:: Input data ::
================

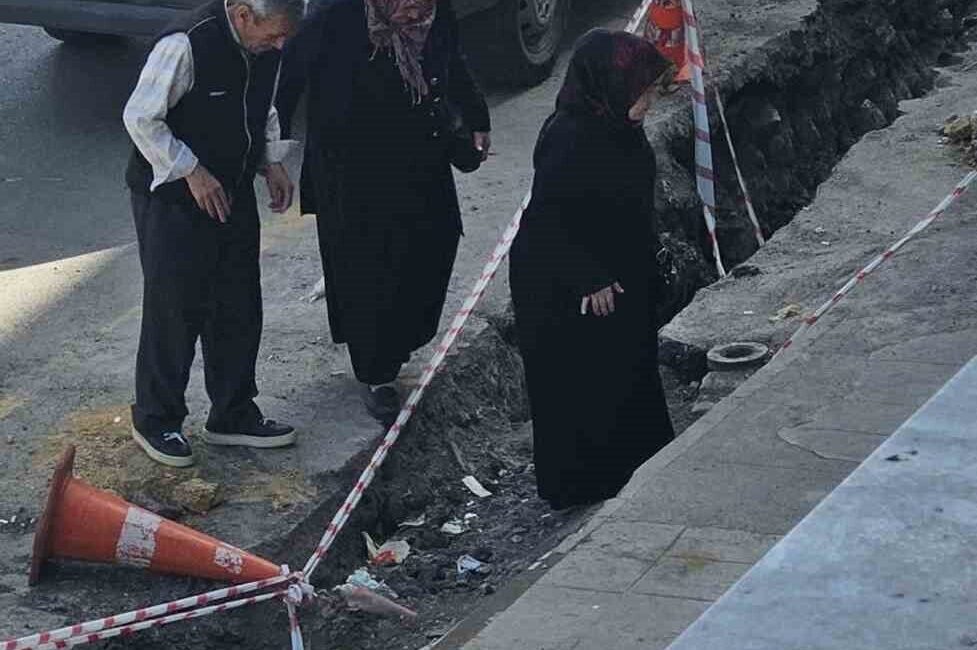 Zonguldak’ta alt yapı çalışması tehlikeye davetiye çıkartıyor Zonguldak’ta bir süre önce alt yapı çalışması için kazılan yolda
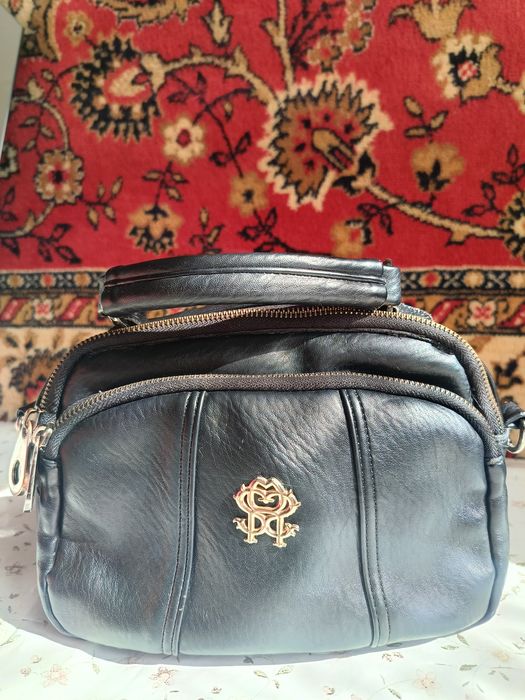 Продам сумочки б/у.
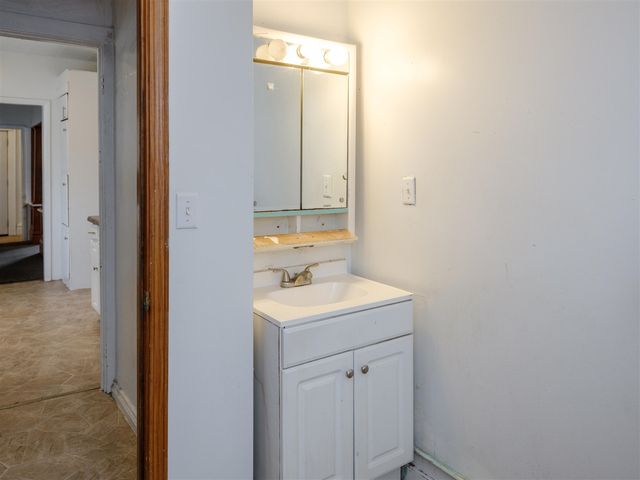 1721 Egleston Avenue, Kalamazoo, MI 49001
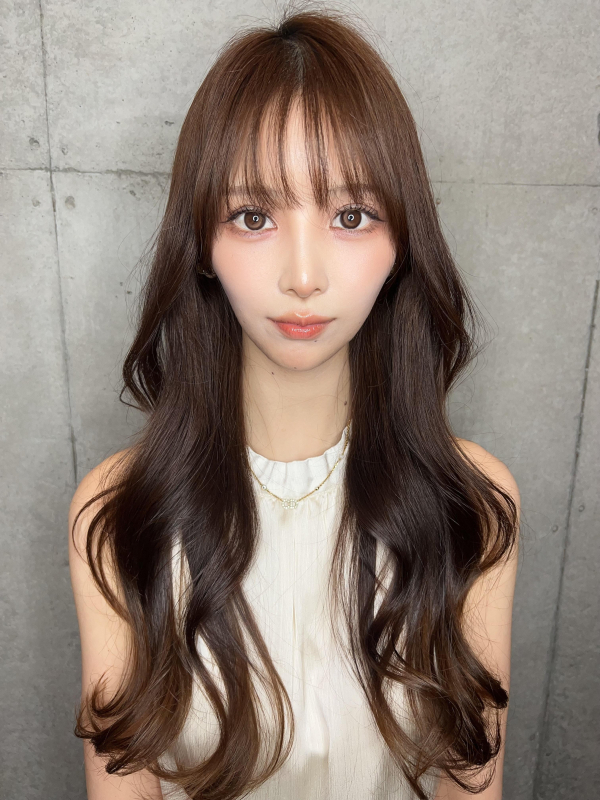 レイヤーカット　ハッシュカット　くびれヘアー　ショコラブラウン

================

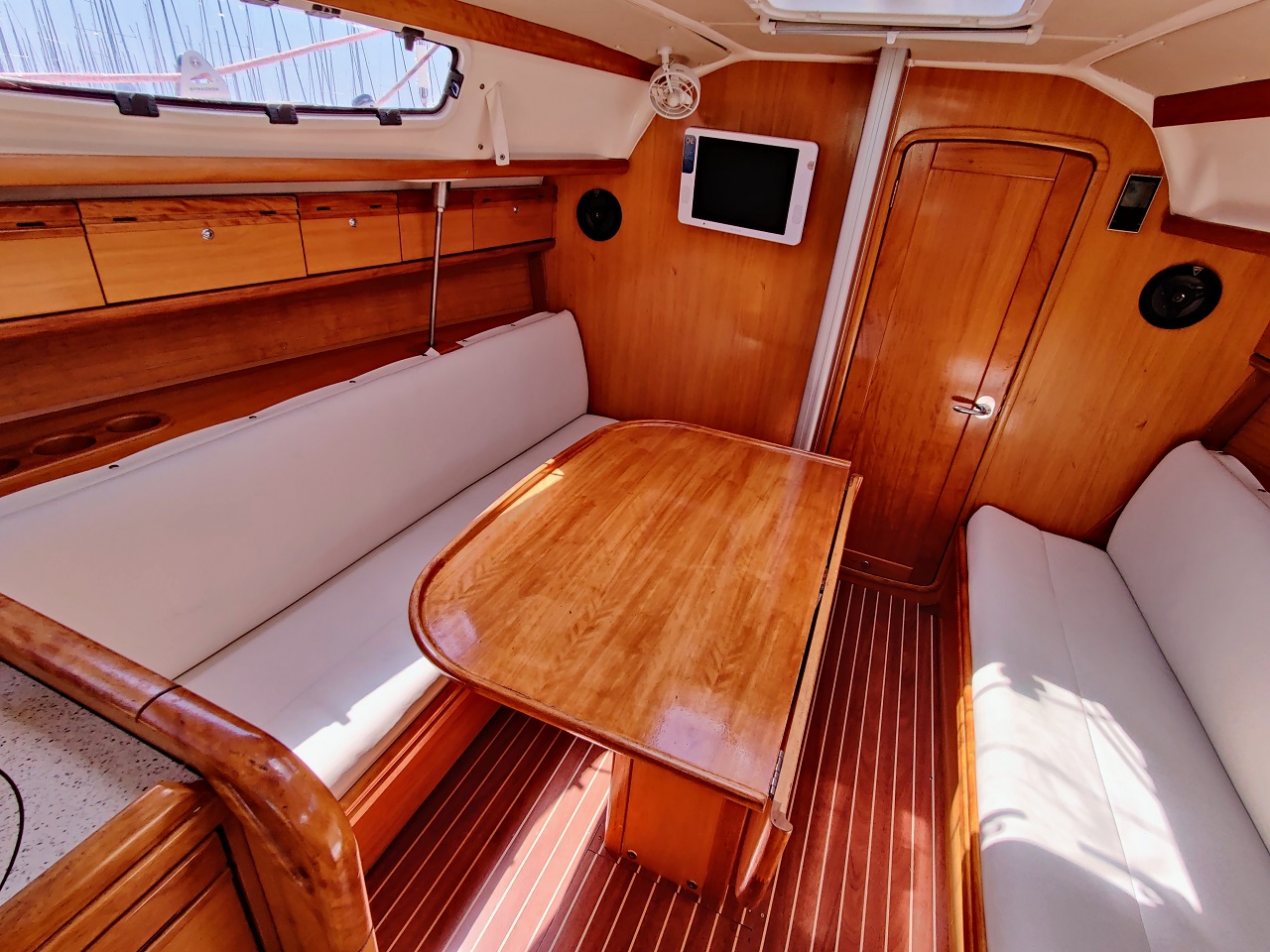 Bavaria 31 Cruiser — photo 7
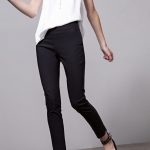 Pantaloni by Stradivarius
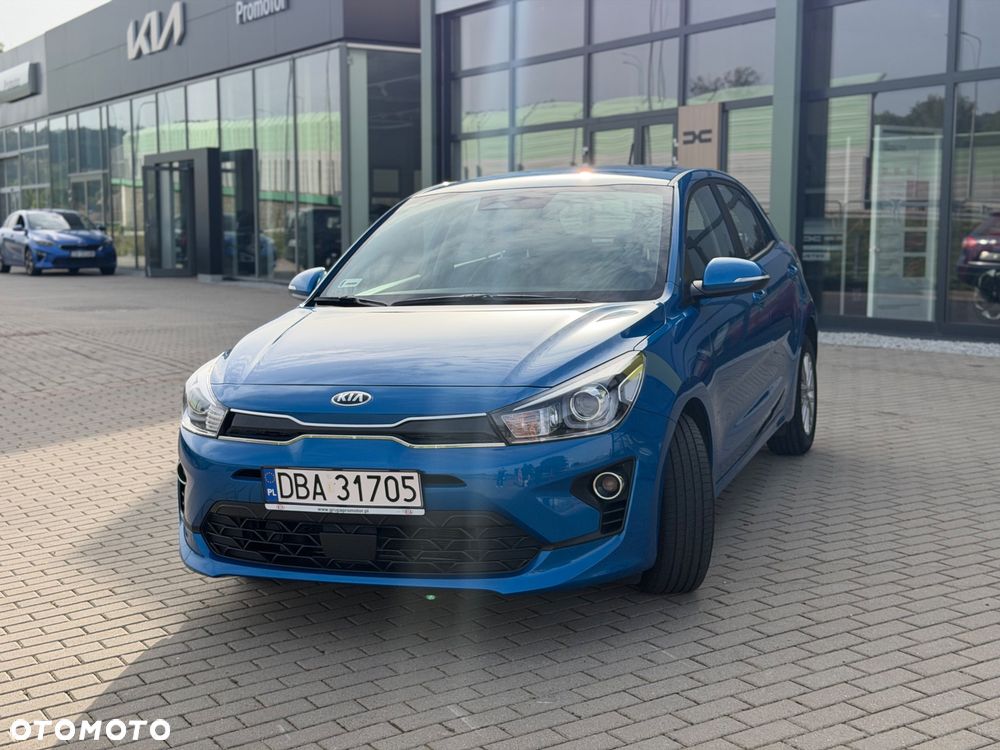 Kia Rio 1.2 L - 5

================

:: Task objective ::
Transcribe only the lines above that start at the line containing "1721 Egleston Avenue, Kalamazoo, MI 49001" and end at the line containing "レイヤーカット　ハッシュカット　くびれヘアー　ショコラブラウン". Omit pictures.

:: Answer below ::
 1721 Egleston Avenue, Kalamazoo, MI 49001
 レイヤーカット　ハッシュカット　くびれヘアー　ショコラブラウン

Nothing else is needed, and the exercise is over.